# EXERCISE DETAILS:
Once the pictures are set aside, transcribe each line of the listing exactly.

>>>

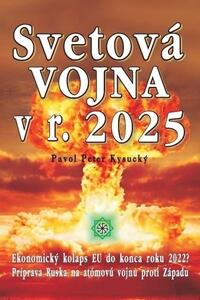 Svetová vojna v r. 2025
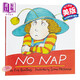 汪培珽推薦階段 No nap 英文原版繪本 沒有午睡 幼兒讀物汪培珽推薦私房英文書單階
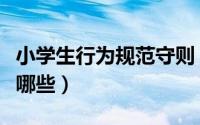 小学生行为规范守则（小学生行为规范守则有哪些）
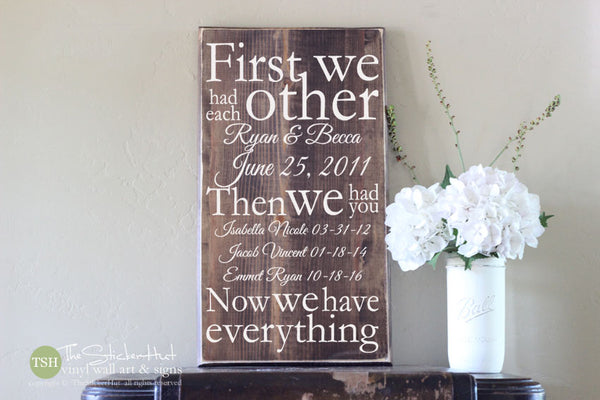 First We Had Each Other Then We Had You Now We Have Everything Wood Sign - S227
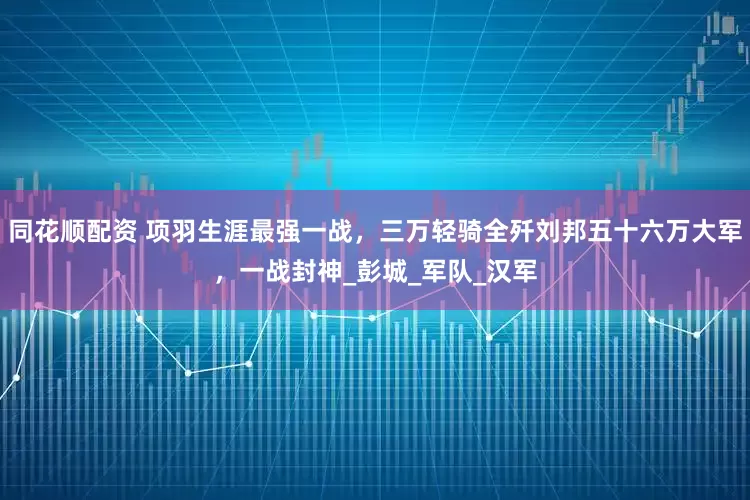 同花顺配资 项羽生涯最强一战，三万轻骑全歼刘邦五十六万大军，一战封神_彭城_军队_汉军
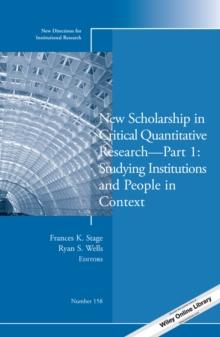 New Scholarship in Critical Quantitative Research, Part 1: Studying Institutions and People in Context : New Directions for Institutional Research, Number 158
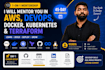 mentor you in AWS, devops, docker, kubernetes and terraform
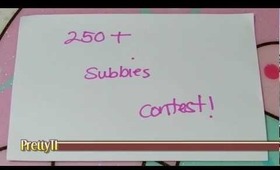 ♥ 250+ Subbies Contest/Giveaway ♥ (OPEN)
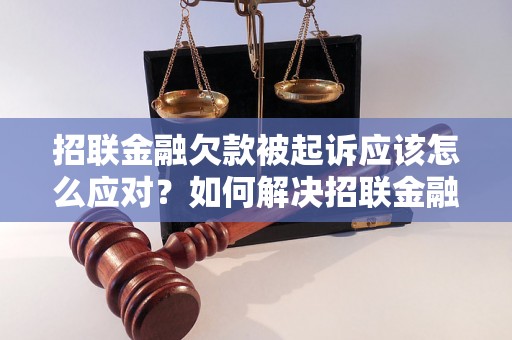 招联金融欠款被起诉应该怎么应对？如何解决招联金融欠款纠纷？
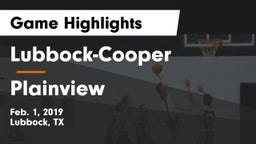 Lubbock-Cooper  vs Plainview  Game Highlights - Feb. 1, 2019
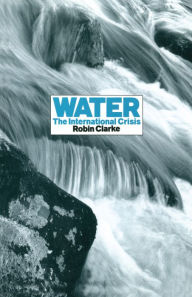 Title: Water: The International Crisis, Author: Robin Clarke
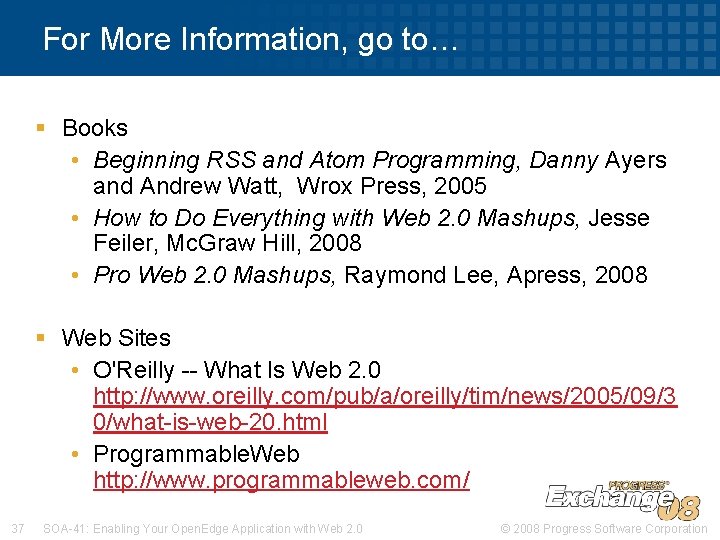 For More Information, go to… § Books • Beginning RSS and Atom Programming, Danny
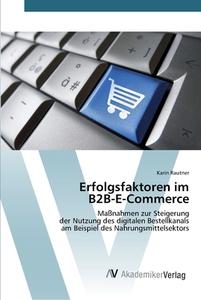 Erfolgsfaktoren im B2B-E-Commerce di Karin Rautner edito da AV Akademikerverlag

<<<

# TASK ANSWER:
 Svetová vojna v r. 2025
 汪培珽推薦階段 No nap 英文原版繪本 沒有午睡 幼兒讀物汪培珽推薦私房英文書單階
 小学生行为规范守则（小学生行为规范守则有哪些）
 First We Had Each Other Then We Had You Now We Have Everything Wood Sign - S227
 同花顺配资 项羽生涯最强一战，三万轻骑全歼刘邦五十六万大军，一战封神_彭城_军队_汉军
 New Scholarship in Critical Quantitative Research, Part 1: Studying Institutions and People in Context : New Directions for Institutional Research, Number 158
 mentor you in AWS, devops, docker, kubernetes and terraform
 ♥ 250+ Subbies Contest/Giveaway ♥ (OPEN)
 招联金融欠款被起诉应该怎么应对？如何解决招联金融欠款纠纷？
 Lubbock-Cooper  vs Plainview  Game Highlights - Feb. 1, 2019
 Title: Water: The International Crisis, Author: Robin Clarke
 For More Information, go to… § Books • Beginning RSS and Atom Programming, Danny
 Erfolgsfaktoren im B2B-E-Commerce di Karin Rautner edito da AV Akademikerverlag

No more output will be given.